TASK DIRECTIONS>
Word for word, the data below must be repeated in full; no picture is to be included.

DATASET CONTENT>
....................

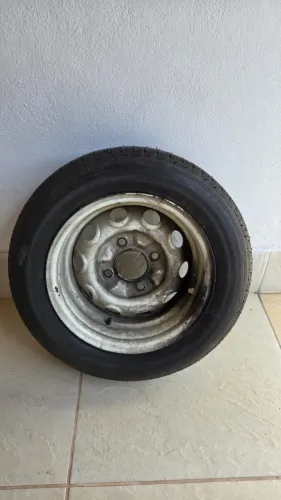 Roda 4 furos com pneu aro 14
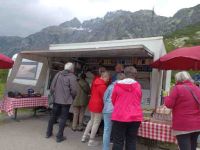 Kauf von Mutschlikäse &ndash; &copy; Ute Solf (Eberhardt TRAVEL)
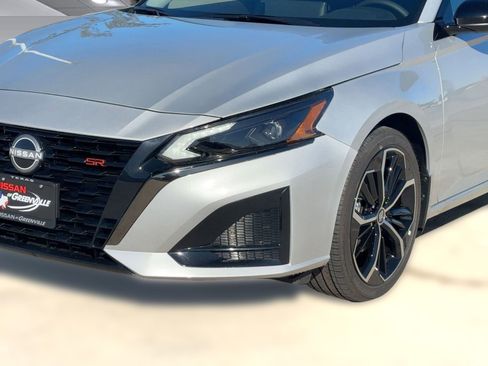 New 2025 Nissan Altima 2.5 SR w/ SR Premium Package image 11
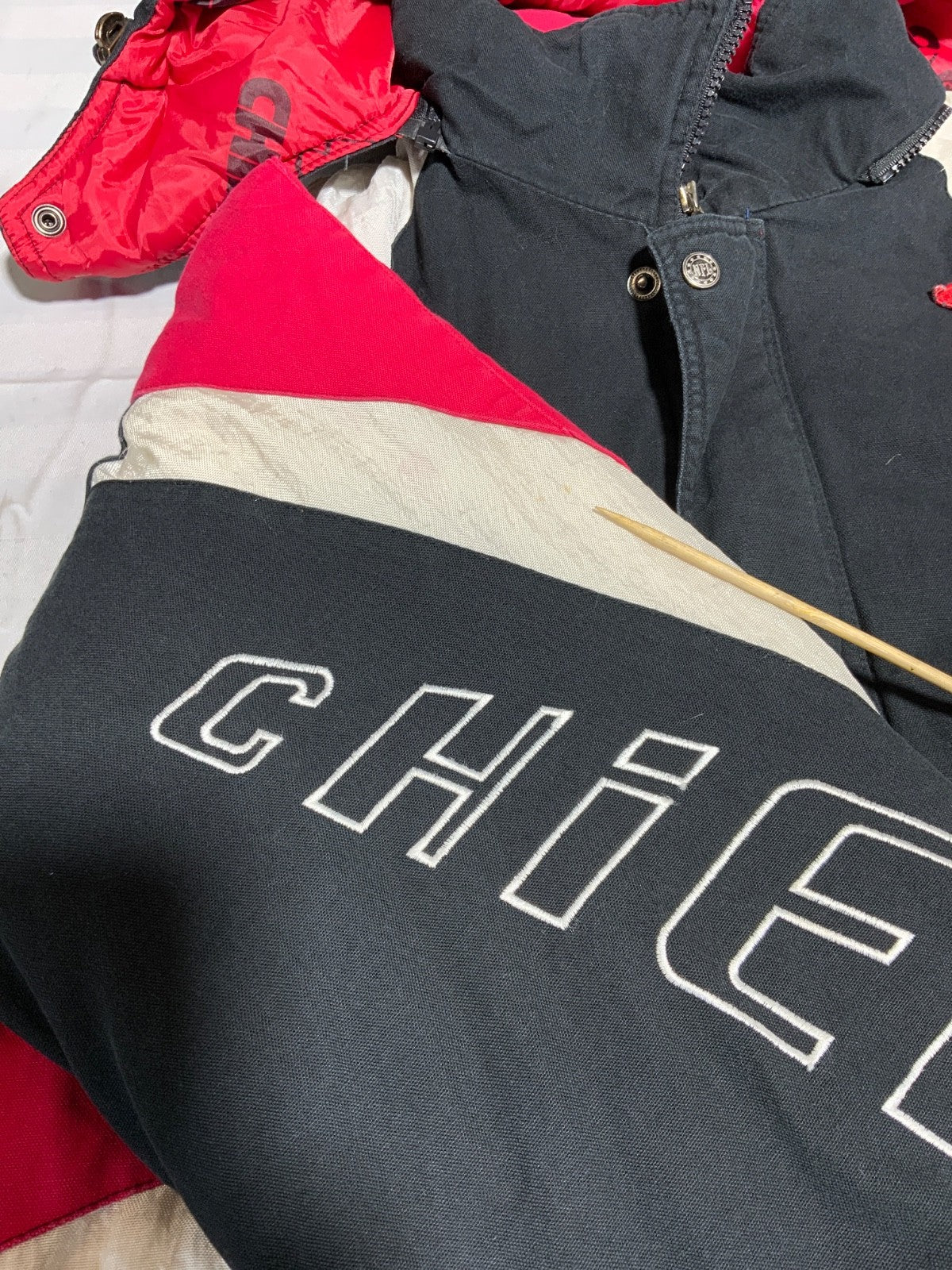 Vintage Kansas City Chiefs Down Puffer Jacket Medium Red Hooded Full Zip Nfl 90s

....................

YOUR SOLUTION>
 Roda 4 furos com pneu aro 14
 Kauf von Mutschlikäse &ndash; &copy; Ute Solf (Eberhardt TRAVEL)
 New 2025 Nissan Altima 2.5 SR w/ SR Premium Package image 11
 Vintage Kansas City Chiefs Down Puffer Jacket Medium Red Hooded Full Zip Nfl 90s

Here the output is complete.